Despite numerous polls suggesting the vast majority of Australians already support an amendment, the government will make its decision based on a national poll with binary options: yes or no. In doing so, the minority position (‘no’) is afforded a 50 per cent stake in the discussion – a stake which promotes discrimination.
Australians must choose between keeping a law that is discriminatory towards the LGBTIAQ+ community, or overhauling it to make marriage inclusive of non-heterosexual couples. In the lead up to the vote, campaigns for both sides must run. However, the Sex Discrimination Act 1984 (Cth) makes it an offence to discriminate against a person or people based on their sexual orientation, which would make arguing a ‘no’ position rather difficult.
In light of this, managing director of the Australian Christian Lobby (ACL), Lyle Shelton, has called for the government to override anti-discrimination legislation in the lead up to the plebiscite. He states current laws have a ‘low threshold’ for what constitutes discrimination and so hinders the ability of those on the ‘no’ campaign to adequately argue their position. Personal opinions aside, Shelton’s comments make logical sense; in arguing against an amendment to the Marriage Act, the ACL and other ‘no’ campaigners would be forced to make discriminatory arguments, which they cannot legally do.
As a means of settling an issue of discrimination, therefore, a plebiscite cannot logically be used. Discriminatory and therefore illegal arguments must be made for one side to argue their point.
If, in the unlikely event the government were to act on Shelton’s suggestions and override anti-discrimination legislation, the LGBTIAQ+ community would be left extremely vulnerable. Australia has introduced a plethora of anti-discrimination laws over the past fifty years. As awareness of minorities and the inherent bias in the legal system are exposed, laws develop and become more comprehensive. Anti-discrimination legislation has been invaluable in keeping offensive and potentially harmful political discourse to a minimum.
Despite this, discrimination is still prevalent in Australia. The foundational research for the Safe Schools Program, conducted by La Trobe University, found that that 79 per cent of LGBTIAQ+ youth had experienced verbal or physical abuse because of their sexual identity, which led to high numbers of students self-harming. By overriding existing anti-discrimination, these statistics could only increase.

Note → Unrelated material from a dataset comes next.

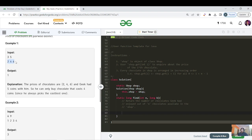Let's look at the dry run. We have three chocolate prices in increasing order and the geek has only five coins. The constraint is he wants to taste the costliest one. The costliest he can afford within five coins is four. Since there is infinite supply but he buys one instance, five minus four leaves one coin remaining, and the remaining one coin can buy no other chocolates.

While the government has pledged $160 million for the plebiscite, a recent report by consulting firm PricewaterhouseCoopers estimates the actual cost to Australian taxpayers will be upwards of $525 million. Alarmingly, but not surprisingly, this estimate includes $20 million in counseling and psychological bills for those who will be mentally harmed by the campaigns, a figure that would undoubtedly increase were anti-discrimination laws tlifted.
Along with the recent ‘gutting’ of the Safe Schools program, stripping back legal protections afforded by anti-discrimination would risk reversing the strides that have been made in protecting vulnerable people on the road to an equal society. If this is the fall out from running a plebiscite, then perhaps the government should reconsider their method for deciding an amendment that should already be in place.
Lily Neilson is currently studying a Bachelor of Laws/Bachelor of Arts at La Trobe University.